Blanco en la nariz
4m
Play
Pausa

Compartir en

Una playlist de 125 cuentos

Compartir en:

No es de ahora que cuento historias en voz alta. Viene de antes… Como nací en un pueblo, hacíamos fiestas en las quintas, en el medio del campo. Iban drogones, pichones de escritores, jugadores pobres de monte, desocupados, madres solteras, bajistas sin banda y toda clase de comunista: desde afiliados al partido obrero hasta socialistas depresivos que votaban a Zamora o a Vicente.

No nos conocíamos tanto entre nosotros, pero teníamos algo en común: estábamos más solos que los perros. Aunque éramos alrededor de treinta en esas noches, siempre faltaba alguno porque estaba preso, otro faltaba porque se había escapado a Chivilcoy y otro faltaba porque había conseguido trabajo en la fábrica DuPont y tenía que madrugar.

Las quintas quedaban saliendo a la ruta, y de los muchos que éramos solamente tres tenían auto, y cinco le usaban la Zanella a la madre. De todas maneras —yo nunca supe cómo— llegábamos más o menos al mismo tiempo. Y siempre nos enterábamos dónde era la fiesta el mismo viernes a la noche, que es una cosa complicadísima sin WhatsApp.

Las fiestas no eran felices, pero eso lo sé ahora.

En las cocinas había seis jugando a las cartas por plata; en los comedores enormes siempre estaba el desmayado entorpeciéndoles el paso a los cinco que bailaban brasilero o los redondos, y más allá, en los sillones, un grupo masculino —muy compacto— alrededor de la hermana de alguien, que era una chica que venía por primera vez y se la quería coger todo el mundo.

Yo pasaba un ratito por todos los ambientes, pero siempre terminaba afuera, al fresco, charlando con gente alrededor de una mesa de mimbre donde había fuentones de empanadas y una música distinta que adentro (también era brasilero o los redondos, pero otro disco).

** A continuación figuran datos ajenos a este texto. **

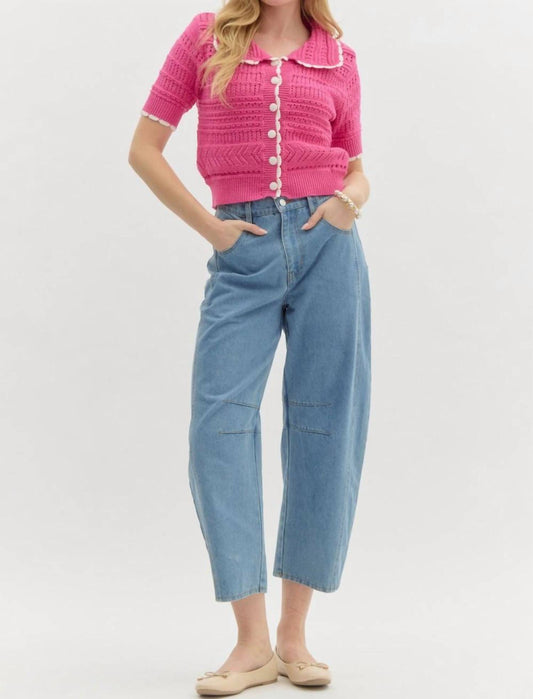 Entro - Solid Pointelle Sweater Knit Top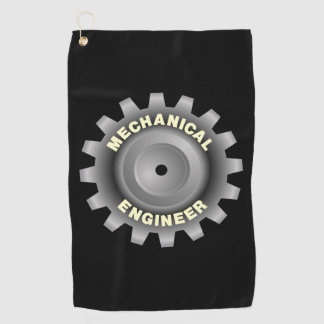 Mechanical Engineer Gray Gear Golf Towel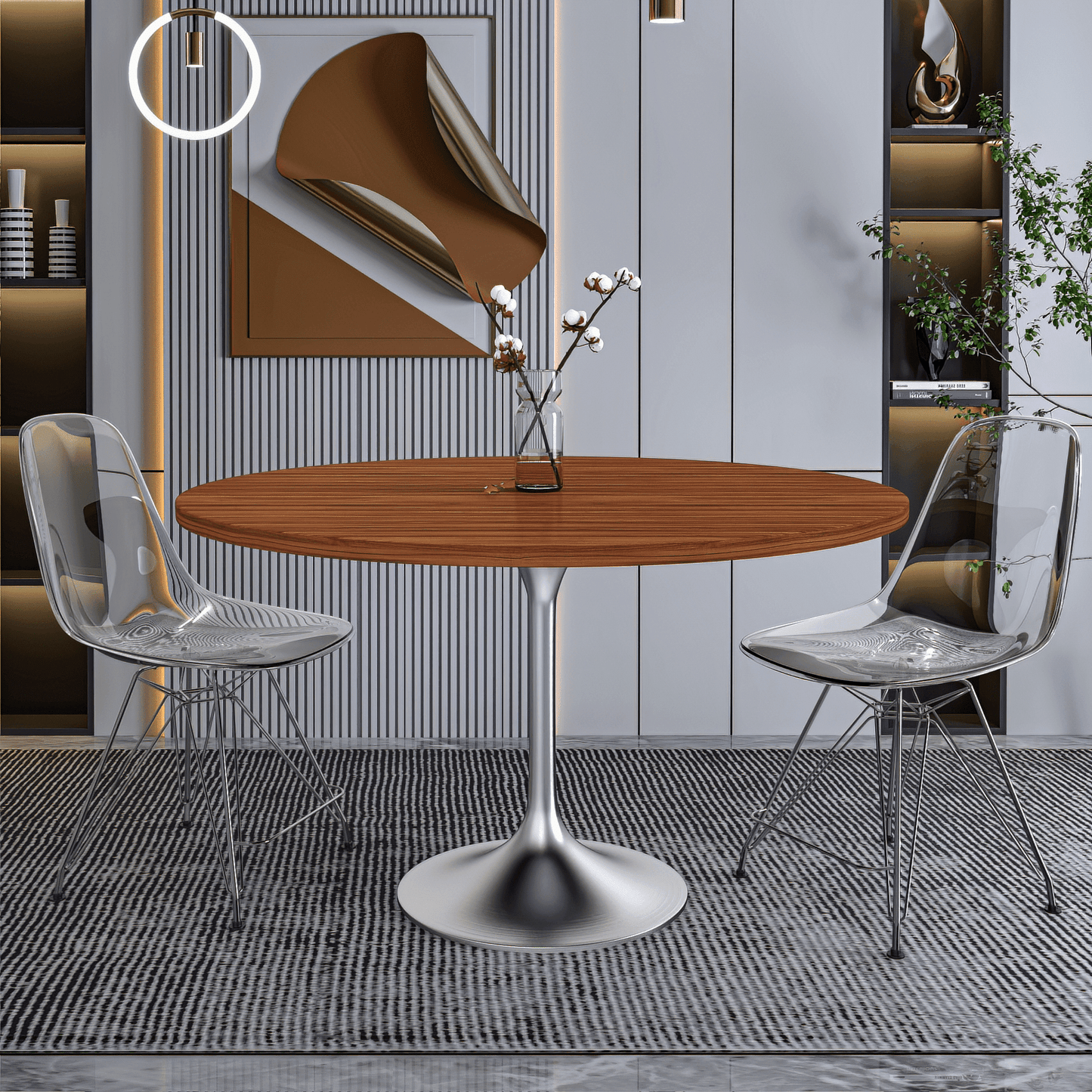 Verve Round Dining Table with MDF/Sintered Stone/Resin Tabletop in Silver Stainless Steel Pedestal Base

En la mesa de afuera siempre había alguno armando porro, otro fumando un porro y otro —más previsor— que avisaba a cada rato que nos estábamos quedando sin porro.

A eso de las tres de la mañana aparecía uno desde adentro, todo transpirado y con un sombrero en la mano, a pedir plata para cerveza.

Todos poníamos monedas o billetes de dos pesos abollados que sacábamos del vaquero con dolor, pero también con enorme sentido cívico. Nadie encanutaba en esas fiestas: estaba mal visto encanutar.

Los que tomaban merca eran los que más aportaban a la vaquita porque tenían trabajo fijo o un padre profesional. Y también porque tomaban el doble de cerveza.

Perseguidos, como todos los merqueros, se escondían en las habitaciones para enviciarse y volvían a la mesa levantando la ceja y haciendo gestos de aprobación.

Yo nunca supe si el puntito blanco en la nariz con el que volvían era un descuido o era una marca voluntaria, una especie de tatuaje que indicaba que tenían más poder adquisitivo que los que solamente fumábamos porro.

De todas formas, me caían bien los merqueros. Cuando a mí me pegaba el bajón de charla, yo apuntaba siempre a este grupo de cocainómanos porque eran más permeables a mis divagues de porro.

Y yo les contaba cosas de cuando yo era chico, o les contaba historias inventadas, o les contaba anécdotas tristes, o cuentos que los hacían cagar de la risa… Más o menos lo mismo que hago ahora acá, en la tele.

Por eso, cada vez que se prende la cámara y esta gente me dice que arranque, yo tengo como una sensación de déjà vu. Será porque es de noche, ahora, o porque este estudio queda medio lejos del centro, como las quintas… O porque ustedes, los que están escuchando esto, también están solos, aunque sean muchos.

Pero me los imagino a ustedes alrededor de una mesa de mimbre, con los ojos vidriosos y con un puntito en la nariz. Ustedes tampoco son amigos entre ustedes, y sí, además tenemos algo en común: alguna vez, yo no sé bien cuándo, pero alguna vez… vamos a dejar de ser jóvenes.